In this study, we sequenced intrahost ZIKV from a rhesus macaque mother and her deceased fetus and identified a single subconsensus mutation, M1404I, in the NS2B coding region. We then focused sequencing at position 1404 in ZIKV from 9 additional pregnant rhesus macaques and their fetuses, where we found that it was present at a minority frequency in 5 additional animals but was not detectable or was present at a frequency of ∼1% in the inoculum. Given its rise in frequency, we hypothesized that the mutant confers increased fitness in rhesus macaques and, by extension, other vertebrates. We therefore performed parallel infections with ZIKV M1404 and ZIKV I1404 in nonpregnant rhesus macaques and pregnant mice as well as mixed infections in nonpregnant rhesus macaques. Since ZIKV is primarily mosquito borne, viral genomes that evolve in vertebrates must be maintained in mosquitoes to persist in alternating vertebrate-mosquito-vertebrate cycling.

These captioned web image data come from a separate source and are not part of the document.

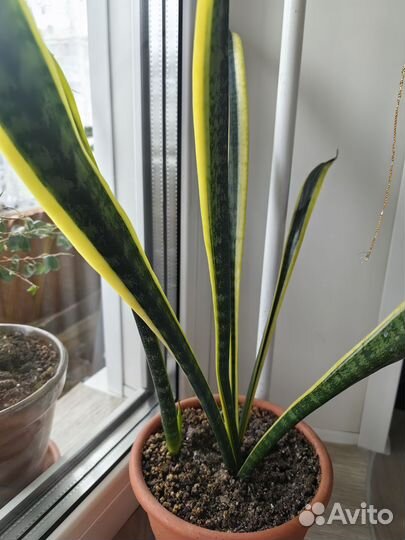 Сансевиерия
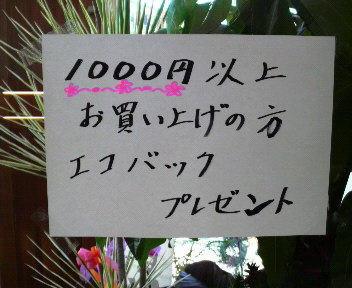 いい旅、麺気分(お土産編)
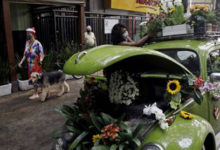 Фото - Чтобы заработать деньги, женщина превратила машину в цветочный магазин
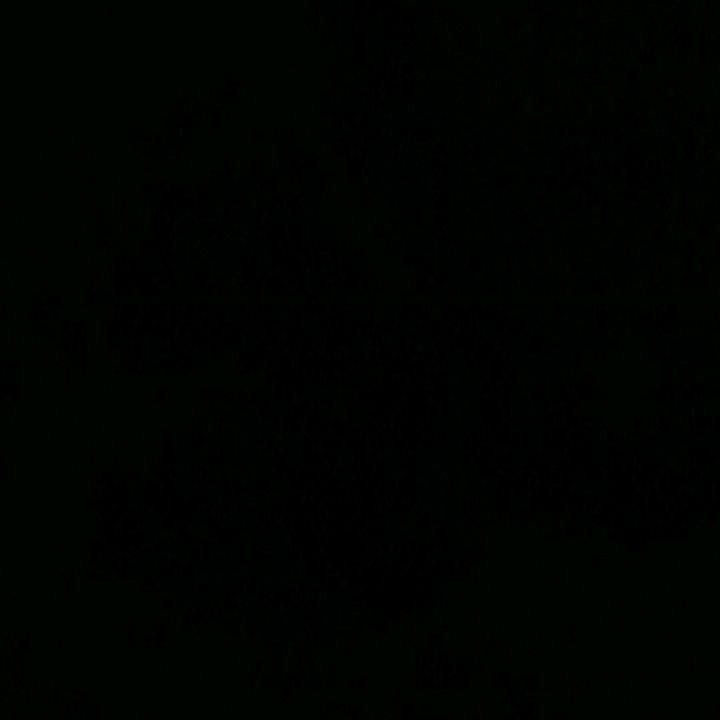 Profile Picture of Thomas Larkin (@thomas_larkin) on Tiktok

To test this concept and to better understand why ZIKV I1404 was detected at a low frequency in humans during outbreaks, despite increasing in frequency intrahost in pregnant rhesus macaques, we compared the transmissibility of ZIKV M1404 and ZIKV I1404 by parallel infections of Aedes aegypti vectors.

RESULTS

A ZIKV mutation arises de novo or increases in frequency in experimentally inoculated pregnant rhesus macaques.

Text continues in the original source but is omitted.